XV
-Kamiński-
Jeśli pomyśleliście, że sytuacja z mojej poprzedniej opowieści to koniec, jesteście w błędzie. To miałbyć dopiero początek. Matka Skórasia przyjechała i mnie polubiła. Powiedziała, że jestem dobrym kandydatem na męża dla jej syna. Tak się ucieszyłem tymi słowami, że musiałem iść się wypiszczeć na dworze. Wróciłem już spokojny, a mój ukochany wyglądał na bardzo szczęśliwego. Rozmawialiśmy długo, bardzo długo. Jego mama mimo moich próśb nie chciała u nas zostać i nam przeszkadzać. Pożegnaliśmy się. Teraz tak myślę, że niczym nie przypominała mojej mamy.
☆☆☆
-Skóraś-
Oglądaliśmy serial, a Kuba przysypiał w moich ramionach. Miał taki spokojny oddech.

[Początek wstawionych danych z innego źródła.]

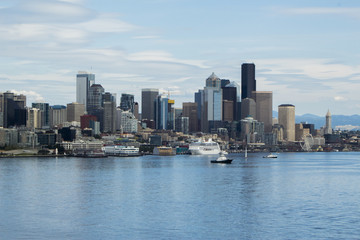 Fototapeta na wymiar Sailing away from Seattle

Zatrzymałem odcinek i chciałem pocałować go w głowę, kiedy usłyszałem ciche.
- Idioto przecież oglądam.. - wznowiłem go z powrotem. Dwie sekundy potem na pewno spał i tym razem nie usłyszałem sprzeciwu. Mocno go przytulałem. Chyba naprawdę lubił mój dotyk. Uśmiechnąłem się szeroko. On był cały mój. Słodziak. Pamiętacie tę kurwę? Znalazłem tego jej kochasia. Uciekł z przed ołtarza, bo dowiedział się, że chciała go wykorzystać i tak między nami był mocno zainteresowany kolegą z drużyny. Dobiegły mnie słuchy, że zostali znalezieni nadzy w szatni, ze śladami namiętnego kochania się na ciele. Podrapania, sperma, ślina.. świetnie się bawili. Nie mówiłem Kubie, bo nie chciałem przypominać mu o tej suce, choć przez nią jesteśmy razem.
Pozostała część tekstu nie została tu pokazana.